Relation of exposure to amino acids involved in sarcosine metabolic pathway on behavior of non-tumor and malignant prostatic cell lines.

BACKGROUND: Sarcosine (N-methylglycine) was previously delineated as a substantial oncometabolite of prostate cancer (PCa) and its metabolism seems to be significantly involved in PCa development and behavior. METHODS: We focused on investigation whether the exposure of prostate cells (PNT1A, 22Rv1, and PC-3) to sarcosine-related amino acids (glycine, dimethylglycine, and sarcosine) affects their aggressiveness (cell mobility and division rates, using real-time cell based assay).

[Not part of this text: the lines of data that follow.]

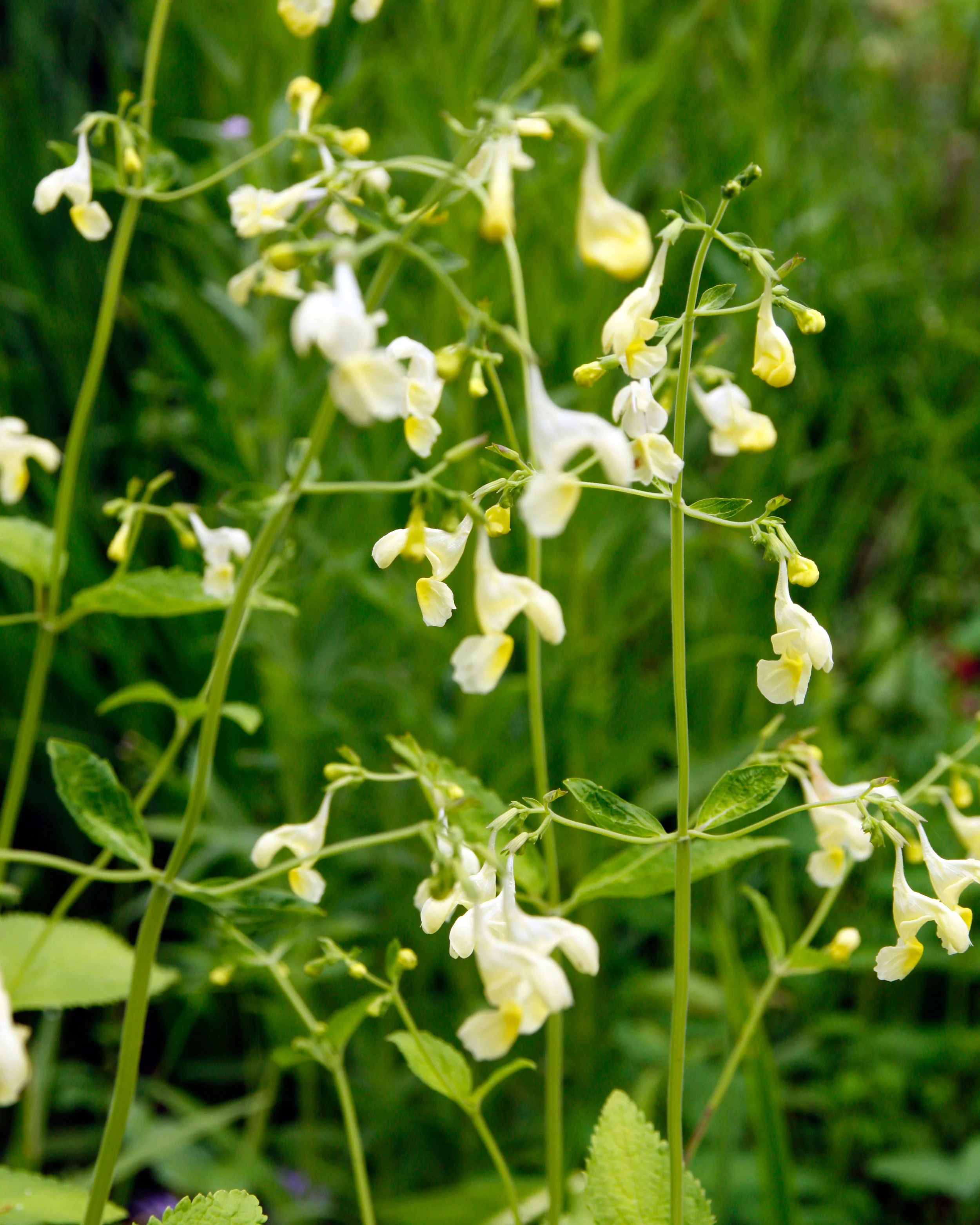 Nepeta govaniana - Image 8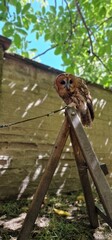 Strix aluco  tawny owl or brown owl medium-sized owl that is often found in European woodlands and forests round face with dark markings that resemble eyebrows and give it a distinct facial appearance
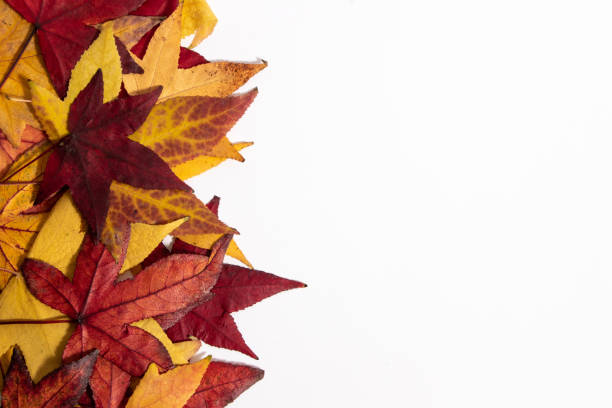 istock Colorful autumn leaves on a white background. Flat lay. 1993334431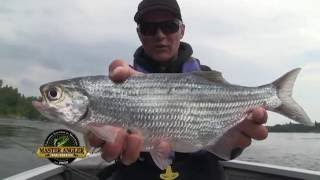 Jumbo Mooneye Fishing in Manitoba  Manitoba Master Angler Minute [upl. by Natale]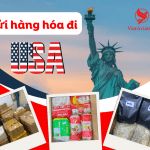 DỊCH VỤ VẬN CHUYỂN HÀNG HÓA ĐI MỸ GIÁ TỐT TẠI VIETAVIATION.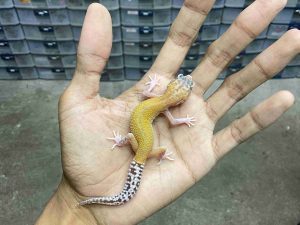 B-521 | ALBINO RAPTOR - INCUB. BETINA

The effect of supplementation on expression of glycine-N-methyltransferase (GNMT) mRNA was examined using qRT-PCR. Finally, post-treatment amino acids patterns were determined with consequent statistical processing using the Ward's method, factorial ANOVA and principal component analysis (P < 0.05). RESULTS: The highest migration induced sarcosine and glycine in metastatic PC-3 cells (a decrease in relative free area about 53% and 73%). The highest cell division was achieved after treatment of 22Rv1 and PC-3 cells with sarcosine (time required for division decreased by 65% or 45%, when compared to untreated cells). qRT-PCR revealed also significant effects on expression of GNMT. Finally, amino acid profiling shown specific amino acid patterns for each cell line. In both, treated and untreated PC-3 cells significantly higher levels of serine, glutamic acid, and aspartate, linked with prostate cancer progression were found. CONCLUSIONS: Sarcosine-related amino acids can exceptionally affect the behavior of benign and malignant prostate cells.